On February 14, the upper middle class city of Parkland, Florida was rocked with terror when a former student at Marjory Stoneman Douglas High School opened fire on the campus, killing 14 students and 3 teachers. The shooting also left 15 people injured.

The difference between this and other shootings is how it is being handled. Most mass shootings have the typical process of thoughts and prayers, some Republicans saying that it is not the time to talk about gun control, and then we wait for the next one to happen. The students of Stoneman Douglas, however, refuse to let that happen this time around, as many have called for action persistently. Marches and walkouts are being organized all around the country for a push to legislation, along with grieving the loss of the 17 lives.

This has also been Generation Z’s political debut. They have taken the microphone from adults and politicians in Washington and have used to it to preach a message of change. In addition to calling for demonstrations, like the National School Walkout on March 14th, many are looking at possible solutions. Popular ideas include the banning of assault weapons and bump stocks, increased background checks, and more security on campuses. Students are also trying to become more aware about students with mental health issues and those who may be struggling at school. The end goal is to combine the three factors, gun control, mental health awareness, and gun safety, to end mass shootings once and for all.

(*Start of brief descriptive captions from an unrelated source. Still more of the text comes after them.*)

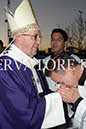 %_tempFileName30483_17022016%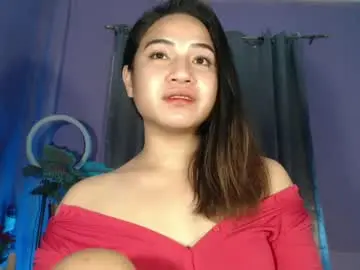 Chaturbate Free Live Porn of jasmine_arousal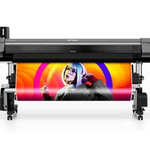 MG -640 Professional UV Printer/Cutters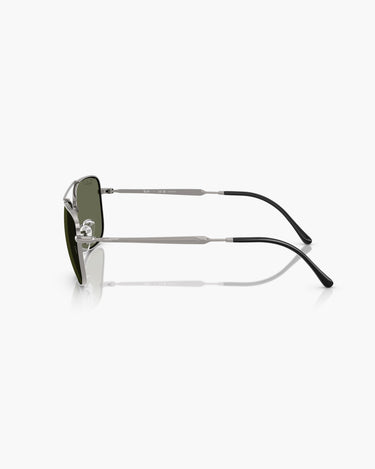 RAY-BAN RB3755 - 004/58
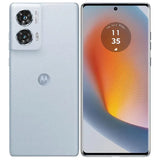 Motorola Edge 50 Fusion 5G 12GB 512GB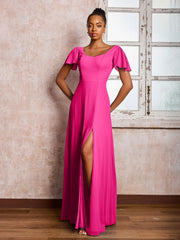 Fucsia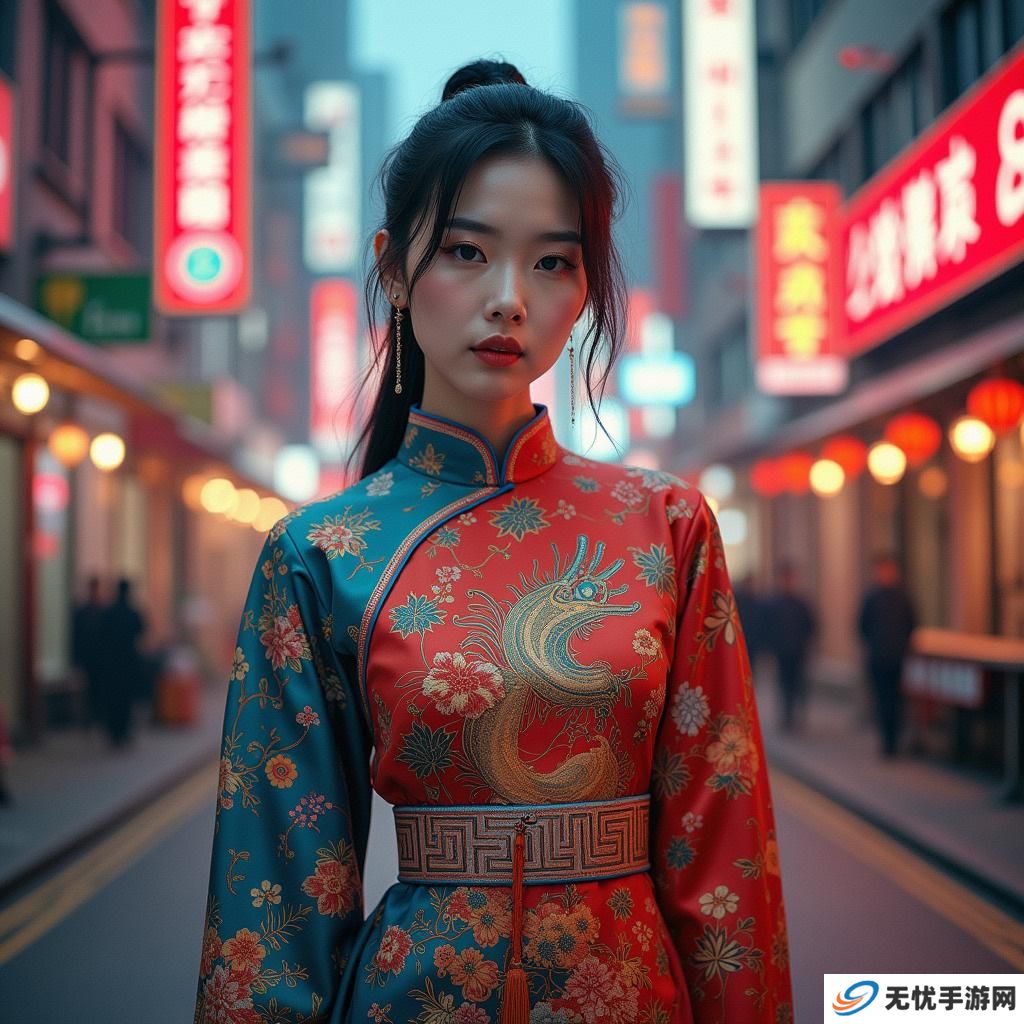 桃子汉化300款黄油如何成为行业标杆:影响力与持续创新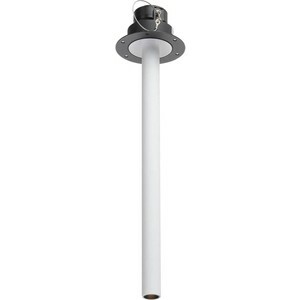 LED ugradna svjetiljka DEMARKT 631014501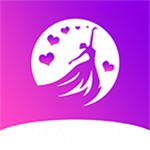 草莓视频向日葵视频绿巨人最新版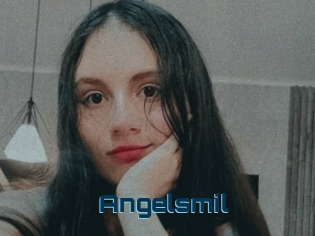 Angelsmil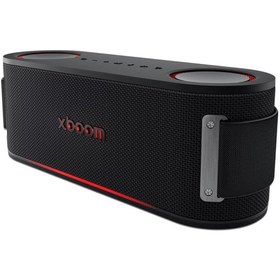 Resim LG Xboom By Wıll.I.Am Bluetooth Hoparlör - HEDİYELİ 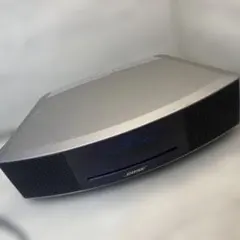 2026年最新】cdプレーヤー boseの人気アイテム - メルカリ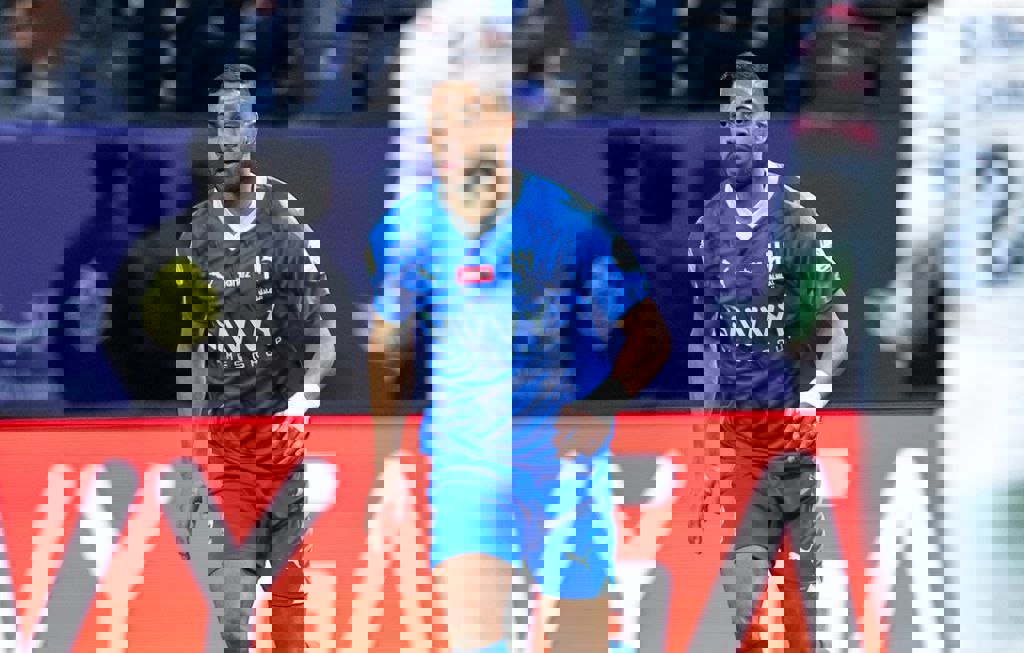 2195065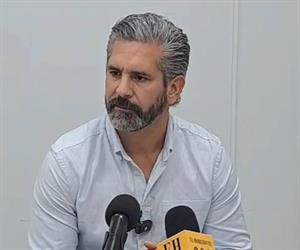 Cambios en Oficina Fiscal, llega nuevo titular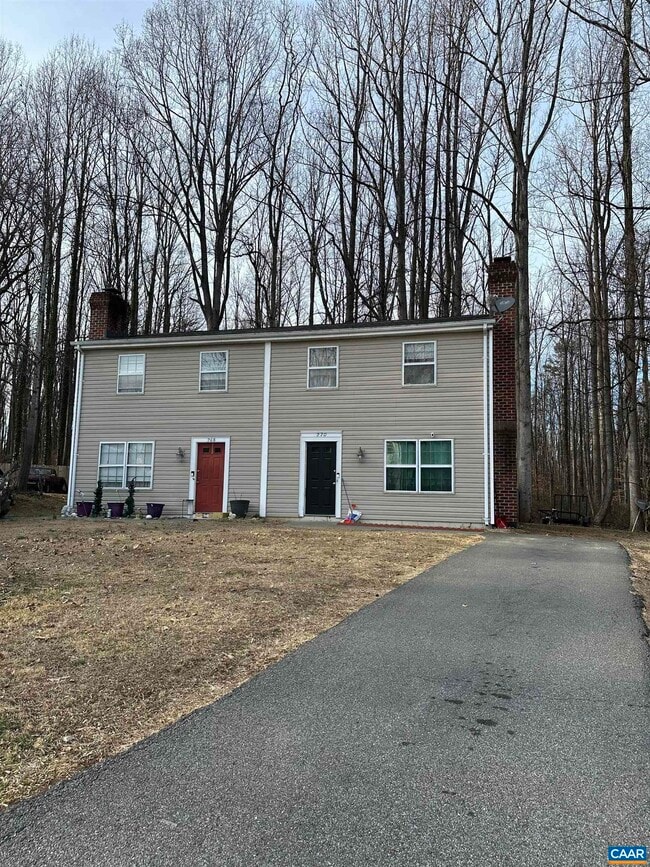 Building Photo - 270 Albert Ct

Florida has already failed to listen, with state lawmakers voting not to discuss the issue, even with Parkland survivors present. They are now turning to Congress, starting with a televised town hall meeting with Florida officials last week. Sen. Marco Rubio is starting to have a changing view in terms of assault rifles, but has refused to say that he would stop taking money from the National Rifle Association. Sen. Bill Nelson, a Democrat, continuously pushed for a ban on assault rifles at the event. Congress goes back in session this week, and gun control should be the first thing they talk about. Many bills are already on the table.

Leaders in the movement, like Emma Gonzalez, David Hogg, and Kyle Kashuv, have made it clear to lawmakers that action needs to be taken, and the lawmakers will be voted out unless they take action to make sure that this never happens again. Although many in Generation Z cannot vote yet, concerned parents will see the movement and take notice about how unsafe school campuses can be. Large public schools, like Stoneman Douglas, are lacking the security that they need. They only have one school resource officer who did not even enter the school during the massacre. It is almost as if a concert is taking place every day with minimal security. Imagine going to a venue without bag checks and security guards, it would feel unsafe, correct? With the easy access to weapons, schools have been proven to be major targets for mass shootings.

If Generation Z plays its cards right, they can be the generation that stunts gun violence in America. With persistence and putting forward effective solutions, it is possible to make schools in the future a safer place for students.